The American dream is to be a homeowner. It is such an exciting adventure, but very stressful. Many people start their journey with questions like, “How much can I afford?” or “Is my credit good enough?” or “Where do I begin?”. The process can be overwhelming. They then start thinking about home improvement loans and whether they’ll need to get one to fix things up before they can move in. Let’s take a look at what you can expect during this process.

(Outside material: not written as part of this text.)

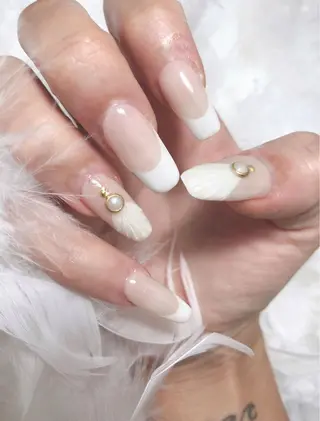 ネイル SESUNNY セサニー　SEIRAのマツエク・マツパデザイン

Knowing your credit is the first step. Your credit score is probably the most important factors in getting approval for the loan. Most conventional loans require a credit score or 620-640. There are lenders that will approve you with a 580-credit score. The lower your score, the higher your interest rate. If you have poor credit, it is important to try to improve it as much as possible before you start the loan process. A few points can save you thousands of the course of the loan. Not to mention, if you are near the cutoff for your credit score, it may even cause you to get denied.

Down Payment

Many mortgage companies will require a down payment. Be prepared for this. This is an important question that should be one of your first questions. Down payments range from 5%-20%. If your mortgage company asks for 20% down and the home you want costs $200,000 you could be on the line for $40,000 plus closing costs. VA loans do not require a down payment. Speak with your mortgage company to see if they require one anyway. USDA Loans are a popular choice now because they do not require a down payment. That is a huge reason why so many people are choosing that type of loan.

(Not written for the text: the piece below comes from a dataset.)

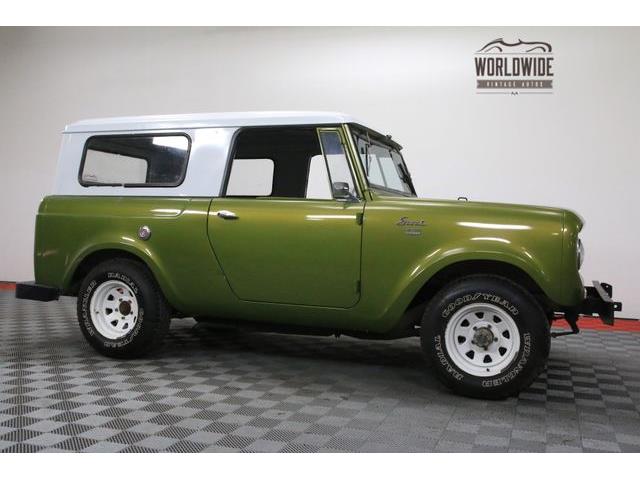 1964 International Scout (CC-1039638) for sale in Denver , Colorado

Documents That Your Lender Will Need

  1. A completed application.
  2. Two forms of ID like your driver’s license and social security card. They will need proof of your identity.
  3. Pay stubs/W2 for up to two years and tax returns. Your lender will need proof that you made the amount that you said you did.
  4. Name and contact information of your employer. Again, they want to verify your employment.
  5. Bank statements for 2-3 months of your checking and savings accounts. They will want to see how much you are spending each month. If your account has been in overdraft, even once, it can cause the application to be denied.
  6. Information on any of your debt including car loans, personal loans, credit cards, and student loans. This debt affects your debt to income ratio. The lender will want to know that you have enough money to cover your debts.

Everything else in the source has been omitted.